Struct DrawProcess 

pub struct DrawProcess { /* private fields */ }

A structure that can display text inside a grid.
Cloning chunk processes is bad practice! Use it only if you have to.

Implementations

impl DrawProcess

pub fn width(&self) -> usize

Gets the chunk’s width - the number of characters that can be displayed on a line.

let mut grid = grid::Frame::new(30, 30, 100, 100).next_frame();
let mut process = grid.into_process(grid::DividerStrategy::Beginning);
assert_eq!(process.width(), 70);

pub fn height(&self) -> usize

Gets the chunk’s height - the number of lines that can fit in it.

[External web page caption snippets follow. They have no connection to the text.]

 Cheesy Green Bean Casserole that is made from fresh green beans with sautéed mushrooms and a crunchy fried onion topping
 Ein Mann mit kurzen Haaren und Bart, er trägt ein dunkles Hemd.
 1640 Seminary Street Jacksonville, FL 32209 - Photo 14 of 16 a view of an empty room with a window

let mut grid = grid::Frame::new(30, 30, 100, 100).next_frame();
let mut process = grid.into_process(grid::DividerStrategy::Beginning);
assert_eq!(process.height(), 70);

pub fn start_x(&self) -> usize

Gets the x position where the process begins.

let mut grid = grid::Frame::new(30, 30, 100, 100).next_frame();
let mut process = grid.into_process(grid::DividerStrategy::Beginning);
assert_eq!(process.start_x(), 30);

pub fn start_y(&self) -> usize

Gets the y position where the process begins.

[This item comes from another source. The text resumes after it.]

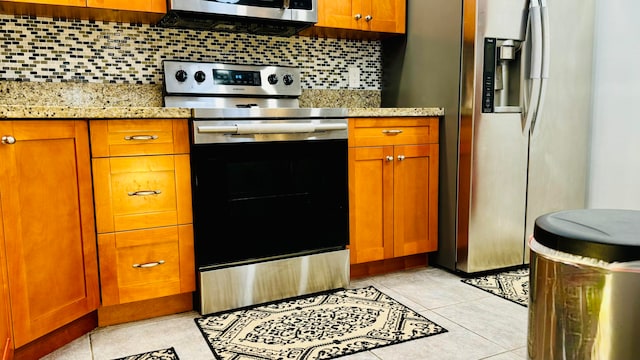 kitchen featuring light stone countertops, backsplash, appliances with stainless steel finishes, and light tile patterned floors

let mut grid = grid::Frame::new(30, 30, 100, 100).next_frame();
let mut process = grid.into_process(grid::DividerStrategy::Beginning);
assert_eq!(process.start_y(), 30);

pub fn end_x(&self) -> usize

Gets the x position where the process ends.

let mut grid = grid::Frame::new(30, 30, 100, 100).next_frame();
let mut process = grid.into_process(grid::DividerStrategy::Beginning);
assert_eq!(process.end_x(), 100);

pub fn end_y(&self) -> usize

Gets the y position where the process ends.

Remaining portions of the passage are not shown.